Young noted Nashville has a significant amount of money going towards recycling and a significant amount of jobs as a result of the recycling it already does.
“This grant will double the amount of recycling pickups in the city and ensure a steady supply of recovered materials that will help grow the recycling economy,” he said.
The press conference last week in City Hall was emceed by Sharon Stone from Metro’s Public Works Department. She introduced Briley as a waste reduction superhero.
“I was on the council when we first started recycling and ever since we’ve had a demand from certain parts of town that we increase recycling and today the city of Nashville is in position to expand curbside recycling,” said Mayor Briley.
Briley thanked Public Works, TDEC, and the Recycling Partnership for helping him and District 19 Councilman Freddie O’Connell to make good on their efforts to expand recycling in the city. Metro has been working on doing that for more than a year.
“I have learned in my life in Nashville if something good happens, nine times out of ten it is a public-private partnership and this is clearly one of those,” Briley said.
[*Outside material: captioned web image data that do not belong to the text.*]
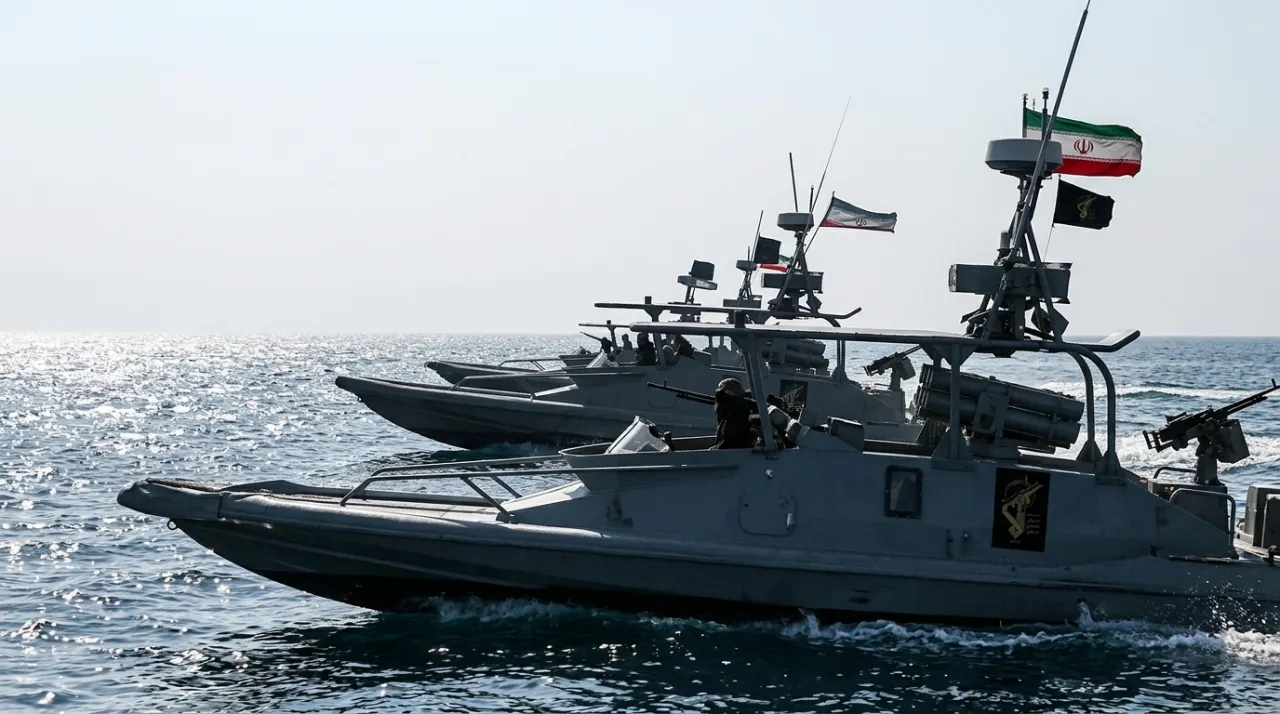 ИРАН УГРОЖАЕТ АТАКОВАТЬ ВОЕННЫЕ КОРАБЛИ США В СЛУЧАЕ СОХРАНЕНИЯ МОРСКОЙ БЛОКАДЫ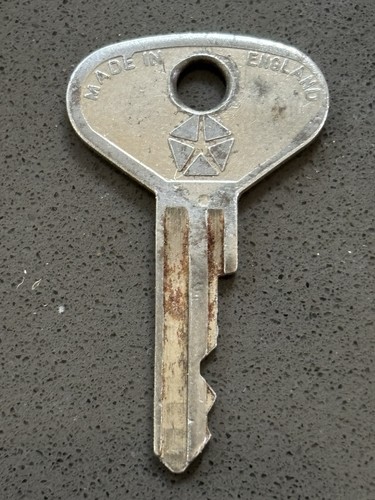 Rootes Hillman, Sunbeam Key - RL867 - Bild 1 von 3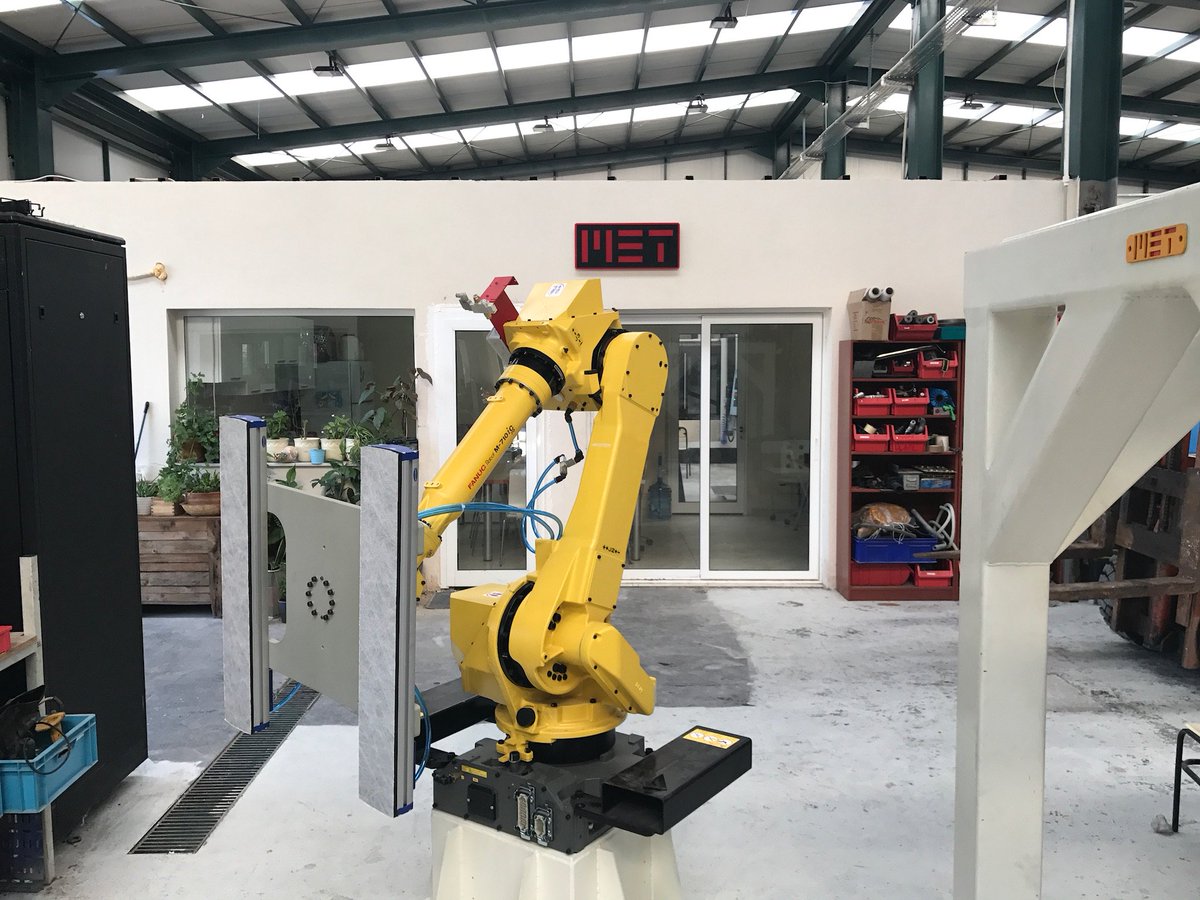 met_automation's tweet image. Flat glass handling with Schmalz vacuum blocks #met_automation #teknoparkizmir #fanuc #schmalz #vacuum #robot #glasshandling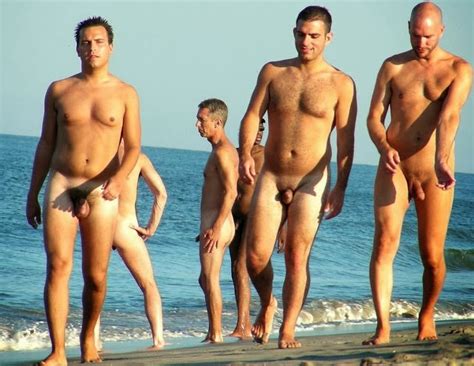 GAY MANS PLEASURE NAKED ON THE BEACH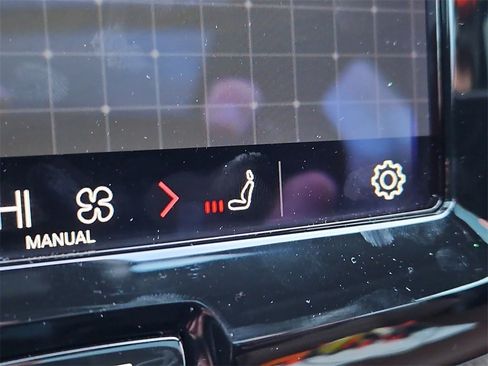 Used 2022 Volvo XC60 B5 Momentum image 21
“The most expensive part of recycling is collection so by collecting commingled recyclables like they do at the curb is what drives efficiency and increases the ease for the citizens to participate,” said Rob Taylor, Director of Grants and Community Engagement for The Recycling Partnership. They have given grants to Atlanta, Columbia, South Carolina, Iowa City, and Sarasota, Florida.
“We’ve seen an increase of 125 pounds per year per household moving from the disposal stream into the recycling stream from the Partnership’s work in communities across the country,” Taylor said.
In Nashville, between 12-30 tons of recyclables are recovered annually. That figure could double next year. Stone said the city’s ten recycling sites recover about seven tons every year.
The big dumpsters at the Bellevue site are often overflowing or not there because they are being emptied. Stone said Public Works wants to increase the capacity of residents who do their own sorting but not with this $2.8 million. It is all going for more curbside pick-ups.